Work task – All of the records below need to be copied exactly.

┄┄┄┄┄┄┄┄┄┄┄┄┄┄┄┄┄┄┄┄

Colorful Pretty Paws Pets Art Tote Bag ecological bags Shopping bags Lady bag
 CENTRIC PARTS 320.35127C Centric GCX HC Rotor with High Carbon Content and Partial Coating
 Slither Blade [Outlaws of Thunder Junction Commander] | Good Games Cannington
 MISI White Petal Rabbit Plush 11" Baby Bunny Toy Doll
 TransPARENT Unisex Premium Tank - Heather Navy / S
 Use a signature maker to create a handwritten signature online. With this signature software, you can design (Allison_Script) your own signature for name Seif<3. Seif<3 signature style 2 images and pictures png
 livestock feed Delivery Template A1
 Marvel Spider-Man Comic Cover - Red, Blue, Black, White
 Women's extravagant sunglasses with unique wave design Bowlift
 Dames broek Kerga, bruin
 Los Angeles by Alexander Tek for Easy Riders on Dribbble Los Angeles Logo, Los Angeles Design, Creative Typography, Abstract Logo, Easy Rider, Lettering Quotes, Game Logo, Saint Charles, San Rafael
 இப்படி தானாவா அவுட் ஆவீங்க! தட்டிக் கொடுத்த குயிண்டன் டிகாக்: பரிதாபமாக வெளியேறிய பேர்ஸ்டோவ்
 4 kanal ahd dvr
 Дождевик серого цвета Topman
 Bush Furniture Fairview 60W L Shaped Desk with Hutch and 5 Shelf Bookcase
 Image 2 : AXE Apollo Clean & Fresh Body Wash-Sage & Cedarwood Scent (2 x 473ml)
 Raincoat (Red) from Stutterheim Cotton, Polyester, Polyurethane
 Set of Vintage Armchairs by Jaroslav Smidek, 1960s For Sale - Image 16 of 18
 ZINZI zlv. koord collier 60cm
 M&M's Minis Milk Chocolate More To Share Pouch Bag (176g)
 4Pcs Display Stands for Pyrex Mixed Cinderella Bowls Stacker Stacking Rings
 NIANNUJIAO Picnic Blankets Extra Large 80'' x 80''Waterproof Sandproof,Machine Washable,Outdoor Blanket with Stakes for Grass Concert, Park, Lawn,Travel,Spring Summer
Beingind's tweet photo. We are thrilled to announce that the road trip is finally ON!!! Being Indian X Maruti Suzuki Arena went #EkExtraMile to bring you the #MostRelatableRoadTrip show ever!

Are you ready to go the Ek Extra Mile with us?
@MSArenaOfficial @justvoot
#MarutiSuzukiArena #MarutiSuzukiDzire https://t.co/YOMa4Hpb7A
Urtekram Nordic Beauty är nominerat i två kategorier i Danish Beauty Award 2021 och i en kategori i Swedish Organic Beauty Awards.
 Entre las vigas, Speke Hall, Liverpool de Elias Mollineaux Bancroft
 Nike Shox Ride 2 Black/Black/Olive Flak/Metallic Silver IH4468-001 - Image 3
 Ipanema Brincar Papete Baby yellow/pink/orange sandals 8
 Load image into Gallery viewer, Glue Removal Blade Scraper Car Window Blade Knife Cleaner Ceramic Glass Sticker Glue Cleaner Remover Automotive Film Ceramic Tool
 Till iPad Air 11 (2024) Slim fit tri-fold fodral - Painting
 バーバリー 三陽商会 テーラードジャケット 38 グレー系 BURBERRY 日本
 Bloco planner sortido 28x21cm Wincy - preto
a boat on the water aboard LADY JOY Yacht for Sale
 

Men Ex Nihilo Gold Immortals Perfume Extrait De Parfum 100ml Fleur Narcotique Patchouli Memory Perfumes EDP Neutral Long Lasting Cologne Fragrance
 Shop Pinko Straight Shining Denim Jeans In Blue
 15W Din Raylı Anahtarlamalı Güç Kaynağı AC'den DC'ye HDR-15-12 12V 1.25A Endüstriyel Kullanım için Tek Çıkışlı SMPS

┄┄┄┄┄┄┄┄┄┄┄┄┄┄┄┄┄┄┄┄

Solved exercise –
Colorful Pretty Paws Pets Art Tote Bag ecological bags Shopping bags Lady bag
 CENTRIC PARTS 320.35127C Centric GCX HC Rotor with High Carbon Content and Partial Coating
 Slither Blade [Outlaws of Thunder Junction Commander] | Good Games Cannington
 MISI White Petal Rabbit Plush 11" Baby Bunny Toy Doll
 TransPARENT Unisex Premium Tank - Heather Navy / S
 Use a signature maker to create a handwritten signature online. With this signature software, you can design (Allison_Script) your own signature for name Seif<3. Seif<3 signature style 2 images and pictures png
 livestock feed Delivery Template A1
 Marvel Spider-Man Comic Cover - Red, Blue, Black, White
 Women's extravagant sunglasses with unique wave design Bowlift
 Dames broek Kerga, bruin
 Los Angeles by Alexander Tek for Easy Riders on Dribbble Los Angeles Logo, Los Angeles Design, Creative Typography, Abstract Logo, Easy Rider, Lettering Quotes, Game Logo, Saint Charles, San Rafael
 இப்படி தானாவா அவுட் ஆவீங்க! தட்டிக் கொடுத்த குயிண்டன் டிகாக்: பரிதாபமாக வெளியேறிய பேர்ஸ்டோவ்
 4 kanal ahd dvr
 Дождевик серого цвета Topman
 Bush Furniture Fairview 60W L Shaped Desk with Hutch and 5 Shelf Bookcase
 Image 2 : AXE Apollo Clean & Fresh Body Wash-Sage & Cedarwood Scent (2 x 473ml)
 Raincoat (Red) from Stutterheim Cotton, Polyester, Polyurethane
 Set of Vintage Armchairs by Jaroslav Smidek, 1960s For Sale - Image 16 of 18
 ZINZI zlv. koord collier 60cm
 M&M's Minis Milk Chocolate More To Share Pouch Bag (176g)
 4Pcs Display Stands for Pyrex Mixed Cinderella Bowls Stacker Stacking Rings
 NIANNUJIAO Picnic Blankets Extra Large 80'' x 80''Waterproof Sandproof,Machine Washable,Outdoor Blanket with Stakes for Grass Concert, Park, Lawn,Travel,Spring Summer
Beingind's tweet photo. We are thrilled to announce that the road trip is finally ON!!! Being Indian X Maruti Suzuki Arena went #EkExtraMile to bring you the #MostRelatableRoadTrip show ever!

Are you ready to go the Ek Extra Mile with us?
@MSArenaOfficial @justvoot
#MarutiSuzukiArena #MarutiSuzukiDzire https://t.co/YOMa4Hpb7A
Urtekram Nordic Beauty är nominerat i två kategorier i Danish Beauty Award 2021 och i en kategori i Swedish Organic Beauty Awards.
 Entre las vigas, Speke Hall, Liverpool de Elias Mollineaux Bancroft
 Nike Shox Ride 2 Black/Black/Olive Flak/Metallic Silver IH4468-001 - Image 3
 Ipanema Brincar Papete Baby yellow/pink/orange sandals 8
 Load image into Gallery viewer, Glue Removal Blade Scraper Car Window Blade Knife Cleaner Ceramic Glass Sticker Glue Cleaner Remover Automotive Film Ceramic Tool
 Till iPad Air 11 (2024) Slim fit tri-fold fodral - Painting
 バーバリー 三陽商会 テーラードジャケット 38 グレー系 BURBERRY 日本
 Bloco planner sortido 28x21cm Wincy - preto
a boat on the water aboard LADY JOY Yacht for Sale
 

Men Ex Nihilo Gold Immortals Perfume Extrait De Parfum 100ml Fleur Narcotique Patchouli Memory Perfumes EDP Neutral Long Lasting Cologne Fragrance
 Shop Pinko Straight Shining Denim Jeans In Blue
 15W Din Raylı Anahtarlamalı Güç Kaynağı AC'den DC'ye HDR-15-12 12V 1.25A Endüstriyel Kullanım için Tek Çıkışlı SMPS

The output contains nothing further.